立って前屈をしていただきましたが、どんなに前傾しても腰に痛みはなく、すごく腰が軽くなったと言っていただきました。
施術前は痛みで顔がこわばっていましたが、明るい表情になっていて、とても嬉しく思いました。
料理や洗濯の姿勢改善のアドバイス
今回の施術後にいつも普段やっている冷蔵庫から食材を出す動き、食材を切る動き、床に置いた洗濯カゴから洗濯物を取り出す動きをやっていただきました。
するとどの動きにも共通して、腰に負担のかかるような姿勢が見られました。
この患者さんはどの動作の時も両足を揃えて、腰だけを曲げて作業をしていました。重い頭の乗っている上半身を腰だけで支えるため腰に負担がかかり、この動きを毎日何度も行っていると腰痛が出やすくなります。
どちらか一方の足を一歩前に出すだけで足でも体重を支えることができ、腰痛の出にくい動きになります。
このように生活の中で習慣的にやっている動きが痛みや不調を招くことがありますが、施術を通して体に負担のない動きもアドバイスさせていただきたいと思います。
最後に
月経は女性にとってとても身近なものです。初潮は10〜13歳、閉経は50〜53歳頃に迎える方が多く、約40年も付き合っていく必要があります。そして多くの方が月経期間に下腹部痛・頭痛・腰痛・イライラ・PMSなど様々な不調を抱えているのも現実です。
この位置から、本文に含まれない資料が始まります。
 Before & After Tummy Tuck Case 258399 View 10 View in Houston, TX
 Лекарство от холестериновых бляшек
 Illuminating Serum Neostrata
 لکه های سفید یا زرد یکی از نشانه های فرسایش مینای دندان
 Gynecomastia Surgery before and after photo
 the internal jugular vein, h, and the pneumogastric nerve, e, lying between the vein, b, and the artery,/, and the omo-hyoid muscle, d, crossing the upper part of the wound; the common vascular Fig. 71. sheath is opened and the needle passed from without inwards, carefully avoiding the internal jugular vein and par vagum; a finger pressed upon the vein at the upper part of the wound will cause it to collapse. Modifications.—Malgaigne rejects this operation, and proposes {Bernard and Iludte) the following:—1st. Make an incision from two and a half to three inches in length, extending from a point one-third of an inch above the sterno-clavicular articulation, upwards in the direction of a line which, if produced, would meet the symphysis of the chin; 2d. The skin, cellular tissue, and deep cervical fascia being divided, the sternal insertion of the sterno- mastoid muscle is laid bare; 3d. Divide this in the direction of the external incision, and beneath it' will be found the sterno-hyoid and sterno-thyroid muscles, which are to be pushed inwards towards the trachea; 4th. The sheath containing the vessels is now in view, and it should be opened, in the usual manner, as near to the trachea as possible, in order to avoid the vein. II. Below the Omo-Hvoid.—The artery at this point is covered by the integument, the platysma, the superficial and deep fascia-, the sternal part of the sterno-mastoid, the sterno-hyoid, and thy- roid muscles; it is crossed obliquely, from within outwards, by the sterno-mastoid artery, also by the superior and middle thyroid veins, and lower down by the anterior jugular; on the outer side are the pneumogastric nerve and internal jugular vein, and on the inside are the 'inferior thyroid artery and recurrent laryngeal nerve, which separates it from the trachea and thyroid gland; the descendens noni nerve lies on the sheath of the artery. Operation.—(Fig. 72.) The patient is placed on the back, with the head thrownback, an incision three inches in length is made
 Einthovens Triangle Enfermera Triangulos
生理痛だから仕方ないと思っていた腰痛も体の歪みが原因の場合があります。今回の患者さんのように歪みがなくなれば痛みや不調もなくなることもあります。月に1度なので我慢をしたり、薬で症状をおさえる事もできますが、体の歪みを取り不調の改善をはかるという選択肢もあると知っていただきたいと思います。